-- Provided records follows --

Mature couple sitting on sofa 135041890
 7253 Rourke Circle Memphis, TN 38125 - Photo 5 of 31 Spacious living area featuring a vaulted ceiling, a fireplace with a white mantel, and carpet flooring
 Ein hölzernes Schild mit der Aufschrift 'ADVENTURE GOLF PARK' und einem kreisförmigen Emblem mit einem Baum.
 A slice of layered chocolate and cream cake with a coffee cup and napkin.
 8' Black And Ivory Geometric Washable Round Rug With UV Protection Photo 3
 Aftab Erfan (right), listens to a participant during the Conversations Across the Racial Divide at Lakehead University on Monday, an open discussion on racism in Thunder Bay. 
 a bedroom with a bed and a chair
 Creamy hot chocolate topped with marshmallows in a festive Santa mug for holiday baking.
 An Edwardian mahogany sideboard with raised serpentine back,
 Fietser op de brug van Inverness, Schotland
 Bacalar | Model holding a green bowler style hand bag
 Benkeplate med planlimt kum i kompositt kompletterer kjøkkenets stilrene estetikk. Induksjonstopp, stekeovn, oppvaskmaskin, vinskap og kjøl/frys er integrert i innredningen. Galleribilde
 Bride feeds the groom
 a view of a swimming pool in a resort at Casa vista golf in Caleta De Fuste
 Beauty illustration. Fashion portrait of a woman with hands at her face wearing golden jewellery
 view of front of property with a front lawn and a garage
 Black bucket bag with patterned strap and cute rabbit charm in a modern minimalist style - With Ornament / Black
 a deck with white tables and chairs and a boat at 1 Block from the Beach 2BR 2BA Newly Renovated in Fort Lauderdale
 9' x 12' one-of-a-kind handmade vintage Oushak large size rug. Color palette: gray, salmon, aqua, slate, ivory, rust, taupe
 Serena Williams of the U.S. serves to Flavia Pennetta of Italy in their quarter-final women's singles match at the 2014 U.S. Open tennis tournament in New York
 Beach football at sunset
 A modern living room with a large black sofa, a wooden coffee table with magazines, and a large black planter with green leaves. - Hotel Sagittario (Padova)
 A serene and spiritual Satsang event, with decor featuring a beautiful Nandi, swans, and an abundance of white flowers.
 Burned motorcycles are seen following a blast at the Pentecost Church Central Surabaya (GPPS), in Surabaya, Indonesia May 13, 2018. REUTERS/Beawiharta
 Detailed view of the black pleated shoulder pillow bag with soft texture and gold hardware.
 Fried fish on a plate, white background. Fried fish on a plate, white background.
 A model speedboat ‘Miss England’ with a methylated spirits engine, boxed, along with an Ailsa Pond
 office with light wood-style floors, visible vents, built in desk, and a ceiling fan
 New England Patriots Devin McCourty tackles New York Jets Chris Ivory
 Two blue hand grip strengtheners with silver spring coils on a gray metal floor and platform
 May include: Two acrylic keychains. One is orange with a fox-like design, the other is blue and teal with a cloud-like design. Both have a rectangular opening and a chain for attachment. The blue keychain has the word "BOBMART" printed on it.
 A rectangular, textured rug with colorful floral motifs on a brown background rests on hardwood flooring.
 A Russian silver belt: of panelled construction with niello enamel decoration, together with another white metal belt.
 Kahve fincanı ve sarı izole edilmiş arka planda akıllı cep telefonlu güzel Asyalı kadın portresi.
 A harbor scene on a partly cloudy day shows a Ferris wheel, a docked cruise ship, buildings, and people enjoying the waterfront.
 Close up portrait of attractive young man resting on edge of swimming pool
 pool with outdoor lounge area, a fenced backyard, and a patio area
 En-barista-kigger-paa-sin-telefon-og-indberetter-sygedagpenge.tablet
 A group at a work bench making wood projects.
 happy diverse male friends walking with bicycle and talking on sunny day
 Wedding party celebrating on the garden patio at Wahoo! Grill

-- Provided records concluded --

* What you have to do: Find the line with "Two blue hand". Transcribe it and every line after it exactly, through the end of the records above, and nothing else.

* Your response:
 Two blue hand grip strengtheners with silver spring coils on a gray metal floor and platform
 May include: Two acrylic keychains. One is orange with a fox-like design, the other is blue and teal with a cloud-like design. Both have a rectangular opening and a chain for attachment. The blue keychain has the word "BOBMART" printed on it.
 A rectangular, textured rug with colorful floral motifs on a brown background rests on hardwood flooring.
 A Russian silver belt: of panelled construction with niello enamel decoration, together with another white metal belt.
 Kahve fincanı ve sarı izole edilmiş arka planda akıllı cep telefonlu güzel Asyalı kadın portresi.
 A harbor scene on a partly cloudy day shows a Ferris wheel, a docked cruise ship, buildings, and people enjoying the waterfront.
 Close up portrait of attractive young man resting on edge of swimming pool
 pool with outdoor lounge area, a fenced backyard, and a patio area
 En-barista-kigger-paa-sin-telefon-og-indberetter-sygedagpenge.tablet
 A group at a work bench making wood projects.
 happy diverse male friends walking with bicycle and talking on sunny day
 Wedding party celebrating on the garden patio at Wahoo! Grill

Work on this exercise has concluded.